Jan 20 2022. views 165
How do our food experts cook and eat? This week, recipe developer, food stylist and photographer Ranji of @tootingmama takes our Q&A!
1. What’s your first memory of cooking?
My earliest memories of cooking were watching my mum make her curries with her roasted and ground curry powders. Our house was always filled with the rich deep aromas of these spices. As soon as I open a jar of spice, I’m transported back to these early days.
2. What’s the story with ‘tootingmama’?
I started ‘tootingmama’ when I first had my children, essentially it was a mummy blog. I wrote about the ups and downs of being a new mum. As my children grew older, understandably, they didn’t want to be featured on it. This was when I decided to write about food. In the early days, I wrote more general recipes. After I lost my Dad, I started to write up Sri Lankan recipes, sharing the fantastic Sri Lankan food I grew up with.
3. How did you get into food photography and styling?
Once I started my food blog, I realised I needed to take pictures that’d have people salivating over my recipes. I upgraded my iPhone camera to a mirrorless camera, invested in lenses, and a good sturdy tripod. I read up and watched endless YouTube videos, and invested in courses. I love food photography and food styling so I’m always learning and practising. Now I’m excited to launch my food photography website www.ranjithangiah.photography end of this month!
4. What was your favourite childhood meal?

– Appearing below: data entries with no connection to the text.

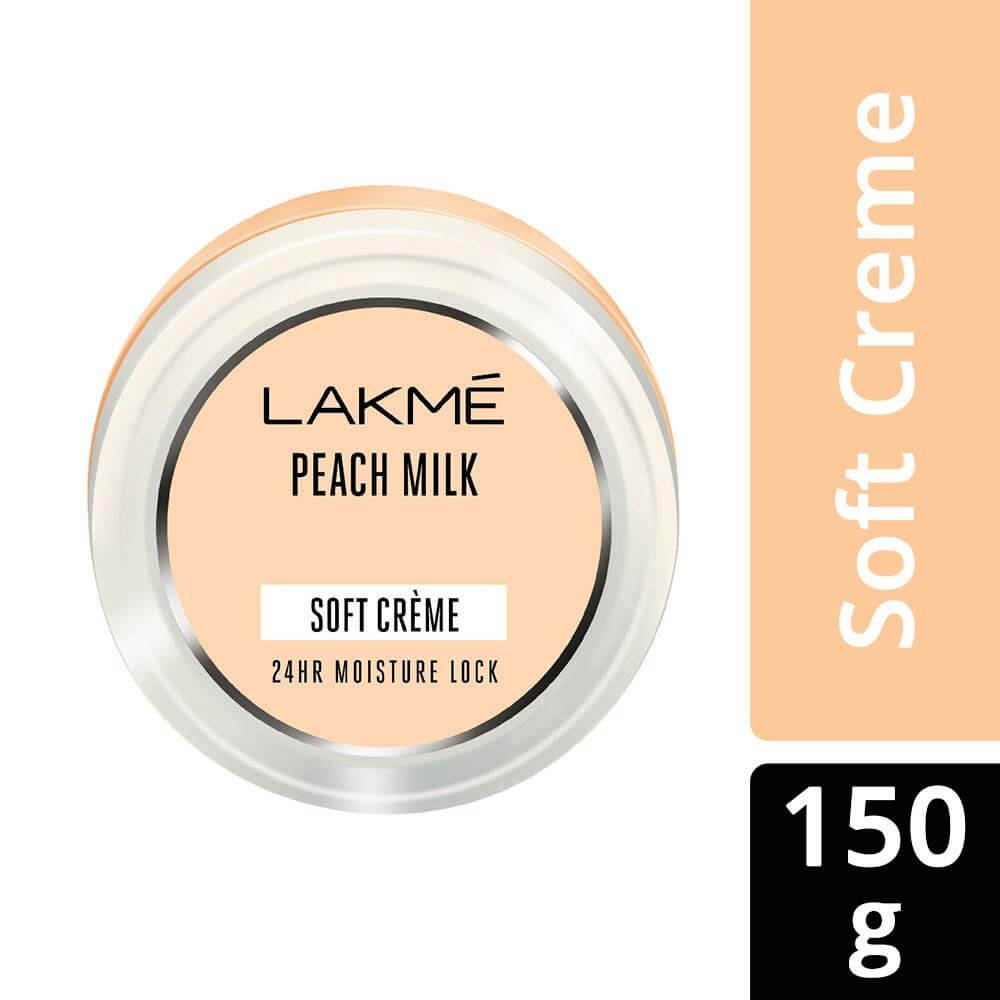 Lakme Peach Milk Soft Crème Moisturizer for Face 150 g, Daily Lightweight Whipped Cream with Vitamin E for Soft, Glowing Skin - Non Oily 24h Moisture
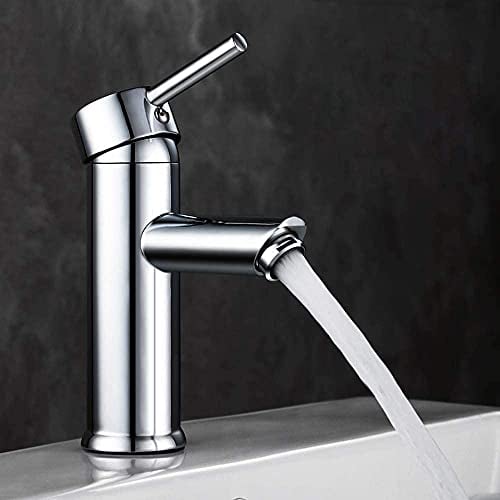 GAVAER Rubinetto Bagno Lavabo, Elegant Miscelatore Monocomando Lavabo Bagno, Rubinetto da Bagno e Bidet Lavandino, metallo di alta qualità Cromato Rubinetteria con Valvola in Ceramica.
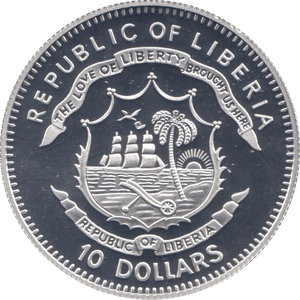 2003 SILVER PROOF TEN DOLLARS LIBERIA - SILVER WORLD COINS - Cambridgeshire Coins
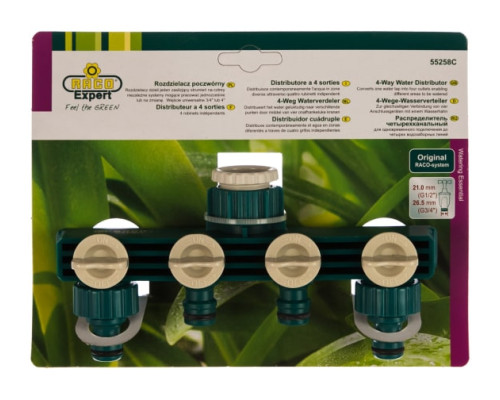 Распределитель четырехканальный (1/2"; 3/4") для системы полива Raco 4250-55258C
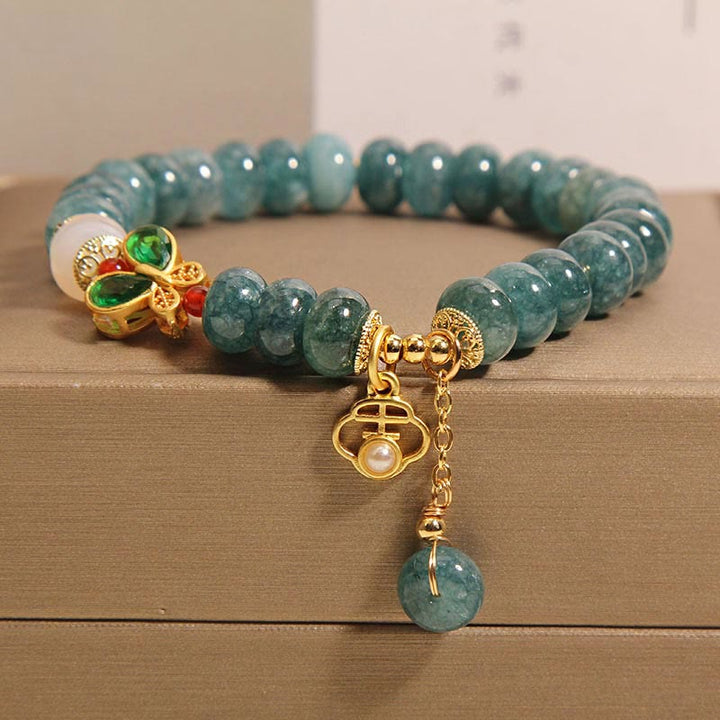 Braccialetto dell'abbondanza con perline di abaco a farfalla, Buddha Stones , giada, agata bianca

My mum’s recipe for dhal. Making this reminds me of home comforts. After much pleading, she talked me through the recipe, I took notes, memorised it and now I can recreate it whenever I like. It’s a true gift.
5. The most exotic food you’ve eaten?
We were staying in Palermo, Sicily. On an evening walk, we found street food vendors cooking a variety of food. One of the most unexpected delights was freshly griddled goats’ intestines filled with cheese. It was delicately crisp on the outside, filled with oozing gooey molten cheese. It was beautiful.
6. Your proudest recipe development?
I was trying to recreate my father’s recipe for devilled prawns. I remember trying this recipe many times until I got the right hit of heat, sweetness and sourness.
7. Your favourite odd food pairing?
We lived in Paris for two years - it’s a real foodie paradise. There’s this amazing macaroon shop, Pierre Hemes which is renowned for flavour combinations. I remember trying liquorice and blackcurrant, foie gras (goose liver pate) and chocolate macaroons – divine!
8. What’s your style when it comes to food styling and photography?
When I first started food photography my style was dark and moody. I was influenced by a technique called chiaroscuro, a dramatic style full of shadows that play on darkness and light. I’m now experimenting with a brighter, fresher look.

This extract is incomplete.